— Directions for this task —
Leave the pictures out, and transcribe the material below exactly from the line with "Six wheel bronco" to the line with "A close up of", both lines included.

— Material provided —
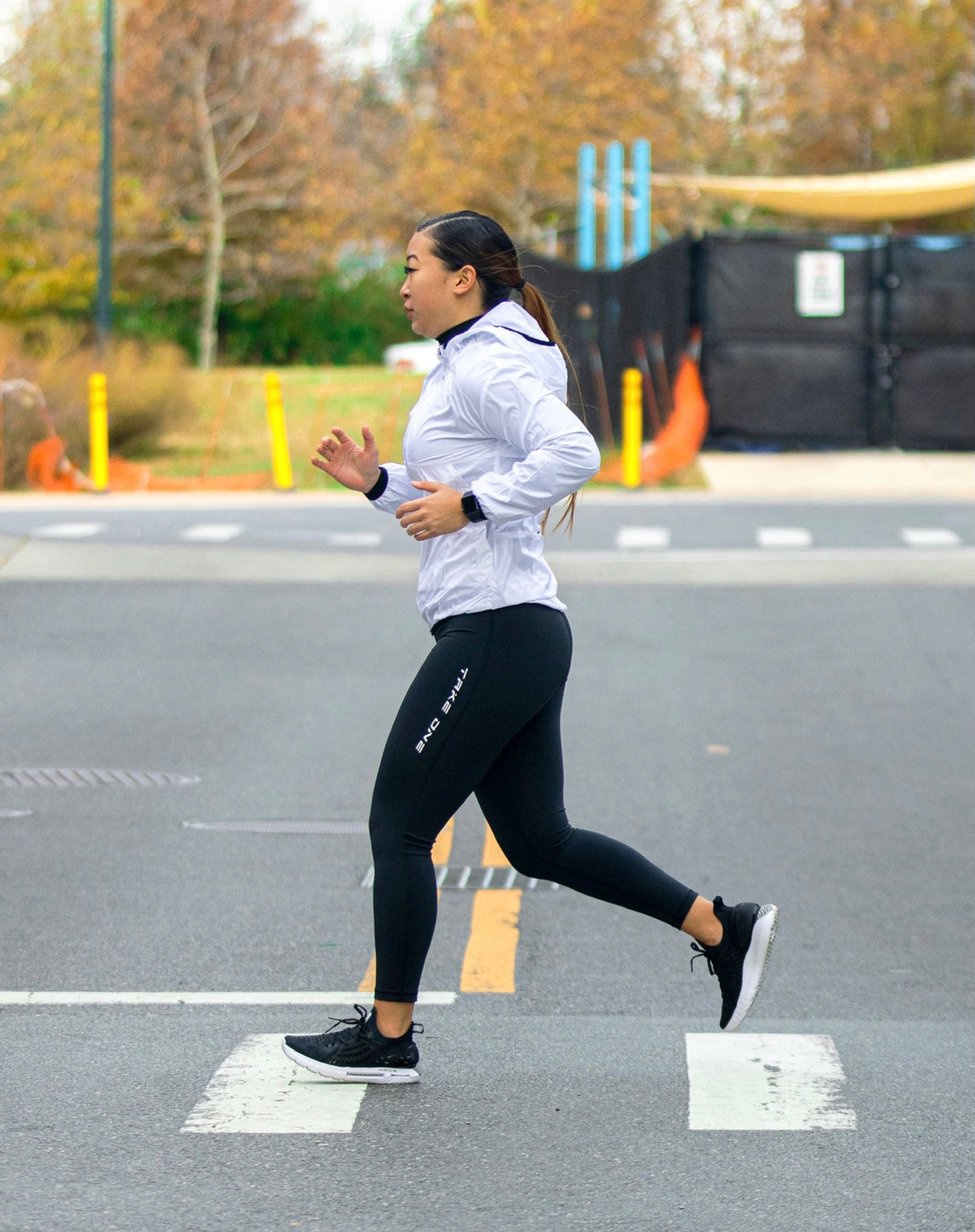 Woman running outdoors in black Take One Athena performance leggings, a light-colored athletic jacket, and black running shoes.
* * *
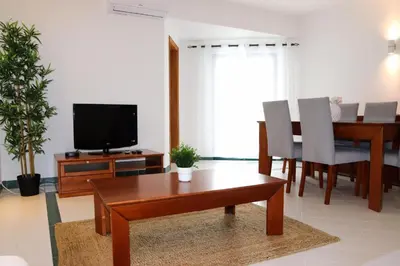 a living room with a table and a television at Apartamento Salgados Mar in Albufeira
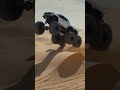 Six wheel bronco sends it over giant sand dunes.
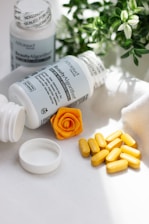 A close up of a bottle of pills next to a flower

— Answer to the exercise —
 Six wheel bronco sends it over giant sand dunes.
 A close up of a bottle of pills next to a flower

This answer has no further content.